In cases where the user does not know if the input has unwrapped channels but desires to store with wrapped channel index use: >>> grid_overrides = { … “AutoChannelWrap”: True, … “AutoChannelTraceQC”: 1000000 … }
For ingestion of pre-stack streamer data where the user needs to access/index common-channel gathers (single gun) then the following strategy can be used to densely ingest while indexing on gun number:
>>> segy_to_mdio( ... segy_path="prefix/shot_file.segy", ... mdio_path_or_buffer="s3://bucket/shot_file.mdio", ... index_bytes=(133, 171, 17, 137, 13), ... index_lengths=(2, 2, 4, 2, 4), ... index_names=("shot_line", "gun", "shot_point", "cable", "channel"), ... chunksize=(1, 1, 8, 1, 128, 1024), ... grid_overrides={ ... "AutoShotWrap": True, ... "AutoChannelWrap": True, ... "AutoChannelTraceQC": 1000000 ... }, ... )
For AutoShotWrap and AutoChannelWrap to work, the user must provide “shot_line”, “gun”, “shot_point”, “cable”, “channel”. For improved common-channel performance consider modifying the chunksize to be (1, 1, 32, 1, 32, 2048) for good common-shot and common-channel performance or (1, 1, 128, 1, 1, 2048) for common-channel performance.

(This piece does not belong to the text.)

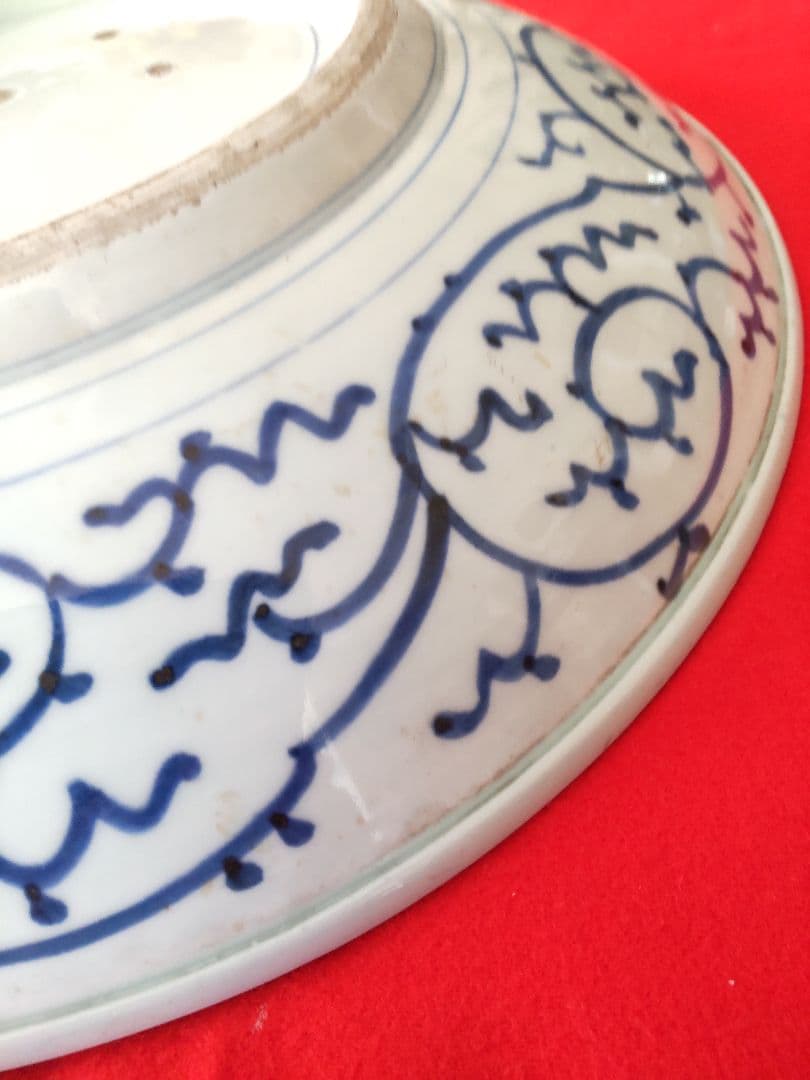 古伊万里染め付け微塵唐草平大鉢/江戸中期頃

For cases with no well-defined trace header for indexing a NonBinned grid override is provided.This creates the index and attributes an incrementing integer to the trace for the index based on first in first out. For example a CDP and Offset keyed file might have a header for offset as real world offset which would result in a very sparse populated index. Instead, the following override will create a new index from 1 to N, where N is the number of offsets within a CDP ensemble. The index to be auto generated is called “trace”. Note the required “chunksize” parameter in the grid override. This is due to the non-binned ensemble chunksize is irrelevant to the index dimension chunksizes and has to be specified in the grid override itself. Note the lack of offset, only indexing CDP, providing CDP header type, and chunksize for only CDP and Sample dimension. The chunksize for non-binned dimension is in the grid overrides as described above. The below configuration will yield 1MB chunks:
>>> segy_to_mdio( ... segy_path="prefix/cdp_offset_file.segy", ... mdio_path_or_buffer="s3://bucket/cdp_offset_file.mdio", ... index_bytes=(21,), ... index_types=("int32",), ... index_names=("cdp",), ... chunksize=(4, 1024), ... grid_overrides={"NonBinned": True, "chunksize": 64}, ... )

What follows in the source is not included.